Schultz, 22, is older than Nugent-Hopkins (19) and the same age as Eberle (22).
Schultz is a potential difference maker, a rare highly skilled offensive blue-liner.
But Edmonton general manager Steve Tambellini cautions the AHL is a much higher level than college. During the lockout, the AHL is touting itself as the best hockey league in the world.
“I want to temper it a little bit because it's his first time to play professionally,” Tambellini said. “There will be a transition time. His skill set is obvious. He has great wheels. He's a player that cannot only pass the puck up quickly but he can skate the puck up quickly.”
And his defense?
“He'll adjust as a pro on that aspect of it,” Tambellini said. “But offensively, he's an elite player, for sure. He has high-end skills, so he's going to be a top power play person for sure.”
Barons captain Josh Green, 34, has played for eight NHL organizations and seven AHL teams. Green said Schultz, who played 30 to 35 minutes a game in college, has a unique skill set.

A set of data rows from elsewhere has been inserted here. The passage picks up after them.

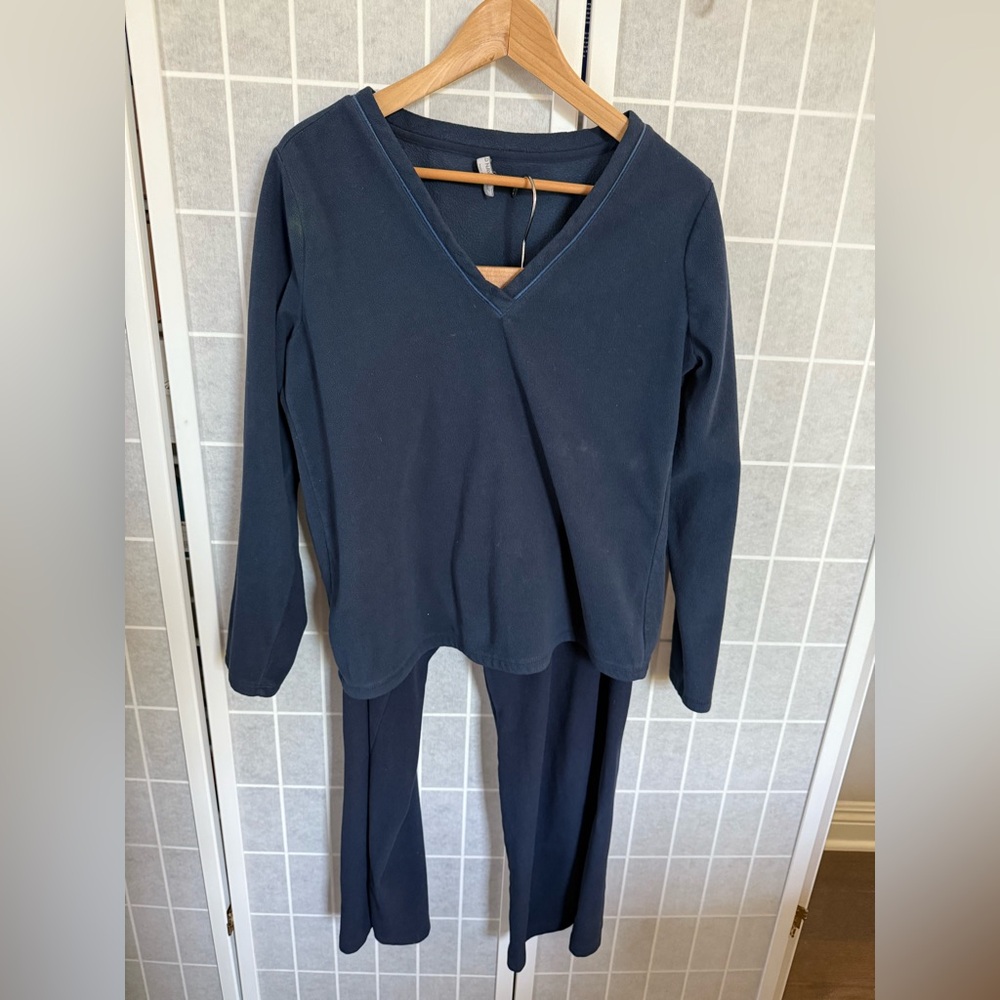 Old Navy Fleece Lounge Set, Navy Blue, Top Small, Bottom Medium.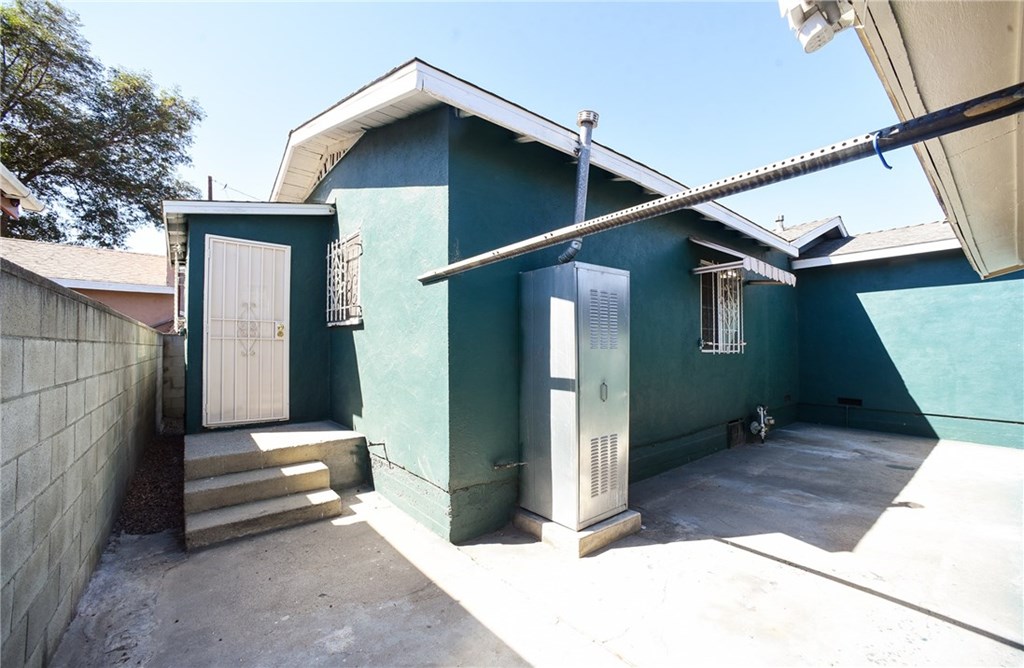 112 East Maple Street Compton, CA 90220 - Photo 11 of 23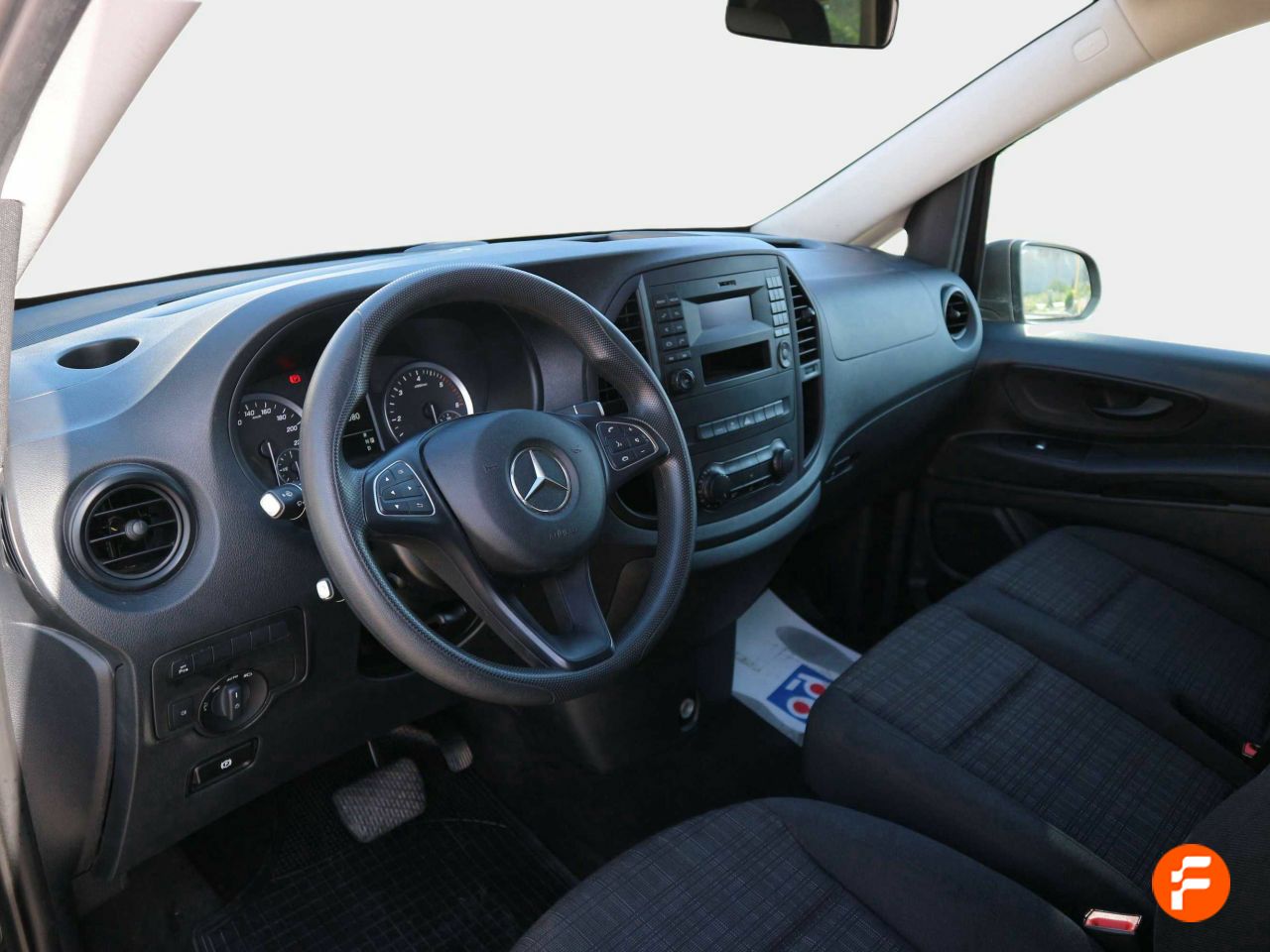 Foto Mercedes-Benz Vito 11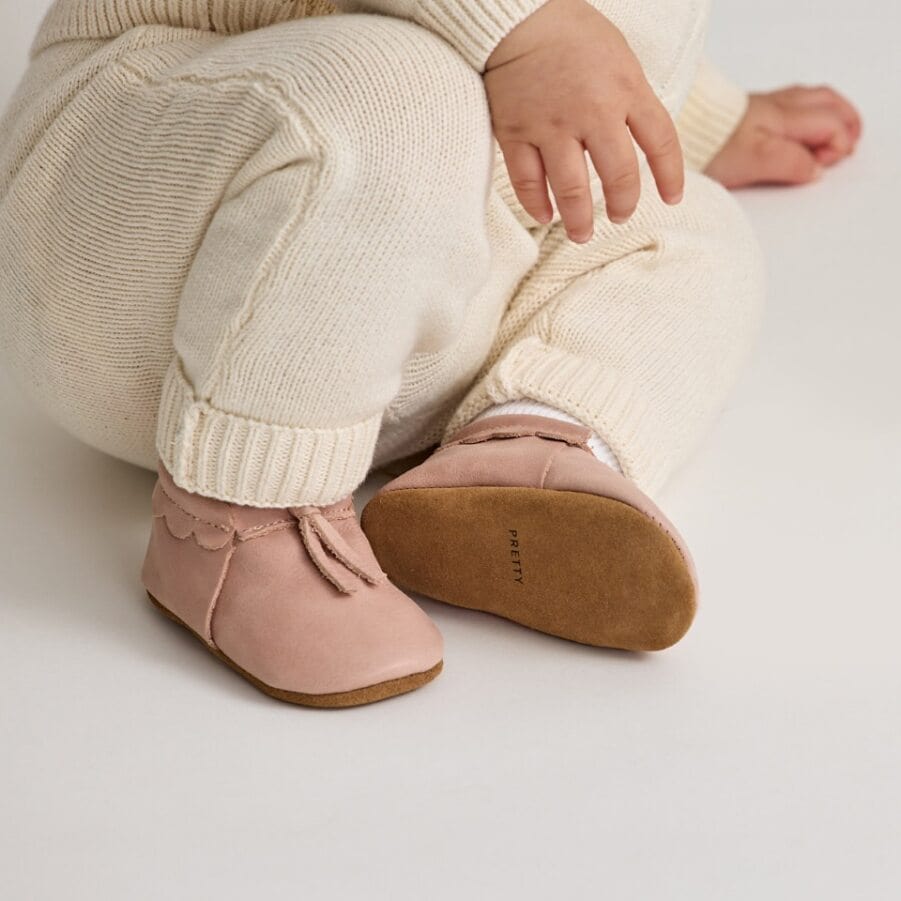 Pretty Brave Baby Shoes MOC in Dusky Pink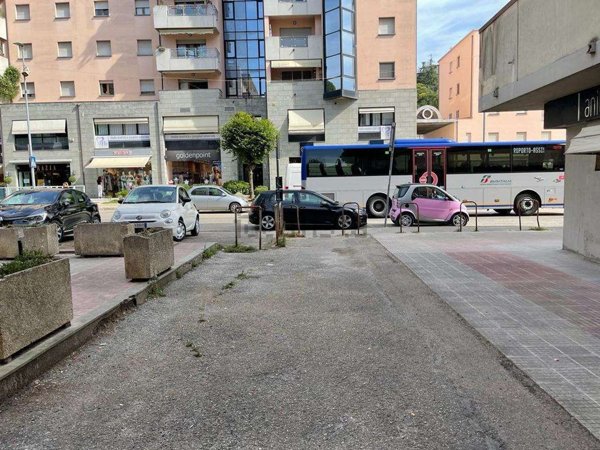 locale commerciale in vendita a Perugia in zona Ponte San Giovanni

Schultz could have immediately joined the Oilers if there wasn't a lockout.
“He has all the tools to be a highly successful player,” Green said. “He's quick. He's a real strong skater. He moves the puck real well and is really smart on the ice. He's a dynamic player with a lot of offense in his game.”
Green said what makes Schultz stand out is he can impact both ends.
“He's so fast, he can get back in the defensive zone, too,” Green said. “There is some offensive defenseman out there, but not many that are good in their own zone, too. He makes a good first pass and then he's quick to join the rush and be part of the offense. That's a rare commodity.”
Schultz was picked in the second round of the 2008 NHL Draft by the Anaheim Ducks. He chose to play an additional year of junior A hockey for the Westside Warriors near his hometown of Kelowna, British Columbia. Schultz then chose to play three years at Wisconsin.
The 6-foot-3, 185-pounder used a loophole in the NHL collective bargaining agreement to become a free agent last summer.
Edmonton didn't win a bidding war for Schultz, because his first pro contract exceed $925,000. Every NHL team basically made the same offer. Schultz chose the Oilers, an organization that hasn't made the playoffs the past six seasons.
“They have so much young talent here,” said Schultz, who had 44 points in 37 games last season for Wisconsin. “They have great coaches in the organization. I get to play in Canada. There were a lot of positives for Edmonton ... And it's great to get to play here in Oklahoma.”
Schultz grew up rooting for Vancouver, the closest NHL team. Edmonton is a 10-hour drive or one-hour flight. He also considered signing with Toronto, Ottawa, Minnesota, the New York Rangers and Canucks.
Where Schultz would land was a closely monitored, drawn out summer drama north of the border.
“It got out of control,” Schultz said. “I just wanted to make a decision, start my career and do whatever was best for me. I'm glad the season is finally here. It was a long summer. I can't wait to start playing and show what I have on the ice instead of off the ice.”
Schultz offered a glimpse of his skills last weekend, scoring a power-play goal in a preseason game against Houston at the Cox Convention Center.
“Exhibition games and real games are a little different,” Schultz said. “It's going to be a lot more intense, especially on the road. I'm looking forward to getting my first game under my belt.”